Today’s Boxing and “The Sweet Science!
By: Coach K – BillyCBoxing.com
Over the very recent months whether in the gym, in the Billy C chatroom or at the fights I have found myself in more and more conversations about boxing as the “sweet science.”
The dialogue usually begins with each participant giving their individual definition of what they see as the “sweet science.” The discussion most times quickly turns to the individuals vocalizing their favorite model. It didn’t take long to realize that most of the new, millennial boxing fans describe the “sweet science” as the best defensive fighter and most offering Floyd Mayweather Jr. as their example. While I firmly believe in the freedom of speech and the right of everyone to have an opinion, I also believe in the old adage, you know the one, about everyone having one and that includes myself.
So, in this case, I think it’s important for the crux of the conversation regarding boxing as the “sweet science” have its roots soundly grounded in some fact, rather than fan fair.

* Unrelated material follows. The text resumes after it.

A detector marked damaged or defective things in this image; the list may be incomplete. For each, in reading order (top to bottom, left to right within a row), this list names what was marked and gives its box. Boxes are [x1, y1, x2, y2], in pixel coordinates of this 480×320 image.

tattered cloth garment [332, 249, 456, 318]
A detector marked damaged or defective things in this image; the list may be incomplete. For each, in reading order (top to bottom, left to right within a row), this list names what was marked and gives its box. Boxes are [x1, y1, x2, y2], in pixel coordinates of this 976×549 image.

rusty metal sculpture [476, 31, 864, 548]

Therefore, for the sake of this article and future “sweet science” debates I hope you would do just that and take into consideration the fact that defense is only one part of boxing, particularly when it comes to the sports scoring system.

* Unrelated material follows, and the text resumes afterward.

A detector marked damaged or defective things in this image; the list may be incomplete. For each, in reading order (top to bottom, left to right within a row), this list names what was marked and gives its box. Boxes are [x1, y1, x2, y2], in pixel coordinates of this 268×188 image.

As the rules apply it’s simple, punches landed is the number one factor in scoring with effective aggressiveness second and ring generalship in an if needed comes in third place.
Continuing on this line, you must face the fact that no matter how crafty or slick a fighter may be, no fight has ever been won on a slipped punch. Even when those “highly skilled defenseman” bob and weave, rock and roll, run, duck, back pedal, their way through a bout, they must land a punch to score, plainly rendering offense the other major ingredient in the synthesis of a fighter’s style and their version of the “sweet science.” I would suggest that it is the unique blend of a boxer’s offensive AND defensive attributes that should be studied when evaluating his or her representation of the “sweet science.”
For example, while Hall of Fame puncher-brawler Ray “Boom Boom” Mancini may well represent a great offensive fighter, but with no disrespect intended but he is leaps and bounds away from a defensive wizard and falls well short of a solid example of the “Sweet Science”.
On the other side of the coin, we have today’s TMZ fan favorite and self-proclaimed “Best Ever” Floyd Mayweather Jr. While he may be classified as a may defensive genius, it is his minimal risk, at times passive offense and boring style that leaves him without a career defining fight and well short of what “I” would describe as the “sweet science.” How much money you make doesn’t play here.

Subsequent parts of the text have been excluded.